### Exercise brief
Please give the data below again in full, exactly as it stands.

### Listed records
┄┄┄┄┄┄┄┄┄┄
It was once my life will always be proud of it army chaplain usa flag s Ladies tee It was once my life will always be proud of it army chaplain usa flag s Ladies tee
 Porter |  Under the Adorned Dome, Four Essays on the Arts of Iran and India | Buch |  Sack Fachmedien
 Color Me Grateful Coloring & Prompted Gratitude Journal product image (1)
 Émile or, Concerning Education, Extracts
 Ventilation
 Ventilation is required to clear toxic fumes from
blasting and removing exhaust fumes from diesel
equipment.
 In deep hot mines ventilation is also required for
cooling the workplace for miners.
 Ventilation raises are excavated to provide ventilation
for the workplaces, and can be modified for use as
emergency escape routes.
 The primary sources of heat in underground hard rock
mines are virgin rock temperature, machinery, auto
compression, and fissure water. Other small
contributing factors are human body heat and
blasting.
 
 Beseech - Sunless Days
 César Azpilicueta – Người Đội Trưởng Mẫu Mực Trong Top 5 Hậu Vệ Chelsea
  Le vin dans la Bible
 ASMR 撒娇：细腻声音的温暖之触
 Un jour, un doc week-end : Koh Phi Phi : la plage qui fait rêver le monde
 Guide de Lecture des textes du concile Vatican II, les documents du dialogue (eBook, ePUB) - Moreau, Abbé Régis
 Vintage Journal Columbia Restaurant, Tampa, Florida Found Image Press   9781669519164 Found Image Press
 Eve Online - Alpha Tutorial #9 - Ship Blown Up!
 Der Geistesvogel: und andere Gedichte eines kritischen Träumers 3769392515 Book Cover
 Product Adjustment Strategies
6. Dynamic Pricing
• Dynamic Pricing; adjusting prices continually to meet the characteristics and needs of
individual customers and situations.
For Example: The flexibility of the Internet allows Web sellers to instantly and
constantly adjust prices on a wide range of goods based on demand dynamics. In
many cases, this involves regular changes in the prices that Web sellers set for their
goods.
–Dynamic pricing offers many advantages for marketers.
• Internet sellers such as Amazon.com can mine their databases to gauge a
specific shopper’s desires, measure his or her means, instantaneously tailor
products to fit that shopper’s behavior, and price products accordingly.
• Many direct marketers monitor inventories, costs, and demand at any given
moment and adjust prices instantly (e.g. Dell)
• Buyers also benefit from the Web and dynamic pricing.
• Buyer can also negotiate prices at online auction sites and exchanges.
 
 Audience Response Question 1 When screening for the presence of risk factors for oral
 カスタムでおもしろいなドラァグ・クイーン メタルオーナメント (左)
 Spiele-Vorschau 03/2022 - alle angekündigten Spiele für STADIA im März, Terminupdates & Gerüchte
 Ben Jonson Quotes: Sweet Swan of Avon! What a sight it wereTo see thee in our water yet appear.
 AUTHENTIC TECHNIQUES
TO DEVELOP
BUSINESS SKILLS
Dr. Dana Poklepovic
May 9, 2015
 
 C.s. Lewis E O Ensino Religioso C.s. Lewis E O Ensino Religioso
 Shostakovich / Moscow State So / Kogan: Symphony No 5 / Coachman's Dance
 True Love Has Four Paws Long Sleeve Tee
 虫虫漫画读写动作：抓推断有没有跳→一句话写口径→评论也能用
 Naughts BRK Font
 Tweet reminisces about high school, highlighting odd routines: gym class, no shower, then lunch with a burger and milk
┄┄┄┄┄┄┄┄┄┄
### Solution to this exercise
It was once my life will always be proud of it army chaplain usa flag s Ladies tee It was once my life will always be proud of it army chaplain usa flag s Ladies tee
 Porter |  Under the Adorned Dome, Four Essays on the Arts of Iran and India | Buch |  Sack Fachmedien
 Color Me Grateful Coloring & Prompted Gratitude Journal product image (1)
 Émile or, Concerning Education, Extracts
 Ventilation
 Ventilation is required to clear toxic fumes from
blasting and removing exhaust fumes from diesel
equipment.
 In deep hot mines ventilation is also required for
cooling the workplace for miners.
 Ventilation raises are excavated to provide ventilation
for the workplaces, and can be modified for use as
emergency escape routes.
 The primary sources of heat in underground hard rock
mines are virgin rock temperature, machinery, auto
compression, and fissure water. Other small
contributing factors are human body heat and
blasting.
 
 Beseech - Sunless Days
 César Azpilicueta – Người Đội Trưởng Mẫu Mực Trong Top 5 Hậu Vệ Chelsea
  Le vin dans la Bible
 ASMR 撒娇：细腻声音的温暖之触
 Un jour, un doc week-end : Koh Phi Phi : la plage qui fait rêver le monde
 Guide de Lecture des textes du concile Vatican II, les documents du dialogue (eBook, ePUB) - Moreau, Abbé Régis
 Vintage Journal Columbia Restaurant, Tampa, Florida Found Image Press   9781669519164 Found Image Press
 Eve Online - Alpha Tutorial #9 - Ship Blown Up!
 Der Geistesvogel: und andere Gedichte eines kritischen Träumers 3769392515 Book Cover
 Product Adjustment Strategies
6. Dynamic Pricing
• Dynamic Pricing; adjusting prices continually to meet the characteristics and needs of
individual customers and situations.
For Example: The flexibility of the Internet allows Web sellers to instantly and
constantly adjust prices on a wide range of goods based on demand dynamics. In
many cases, this involves regular changes in the prices that Web sellers set for their
goods.
–Dynamic pricing offers many advantages for marketers.
• Internet sellers such as Amazon.com can mine their databases to gauge a
specific shopper’s desires, measure his or her means, instantaneously tailor
products to fit that shopper’s behavior, and price products accordingly.
• Many direct marketers monitor inventories, costs, and demand at any given
moment and adjust prices instantly (e.g. Dell)
• Buyers also benefit from the Web and dynamic pricing.
• Buyer can also negotiate prices at online auction sites and exchanges.
 
 Audience Response Question 1 When screening for the presence of risk factors for oral
 カスタムでおもしろいなドラァグ・クイーン メタルオーナメント (左)
 Spiele-Vorschau 03/2022 - alle angekündigten Spiele für STADIA im März, Terminupdates & Gerüchte
 Ben Jonson Quotes: Sweet Swan of Avon! What a sight it wereTo see thee in our water yet appear.
 AUTHENTIC TECHNIQUES
TO DEVELOP
BUSINESS SKILLS
Dr. Dana Poklepovic
May 9, 2015
 
 C.s. Lewis E O Ensino Religioso C.s. Lewis E O Ensino Religioso
 Shostakovich / Moscow State So / Kogan: Symphony No 5 / Coachman's Dance
 True Love Has Four Paws Long Sleeve Tee
 虫虫漫画读写动作：抓推断有没有跳→一句话写口径→评论也能用
 Naughts BRK Font
 Tweet reminisces about high school, highlighting odd routines: gym class, no shower, then lunch with a burger and milk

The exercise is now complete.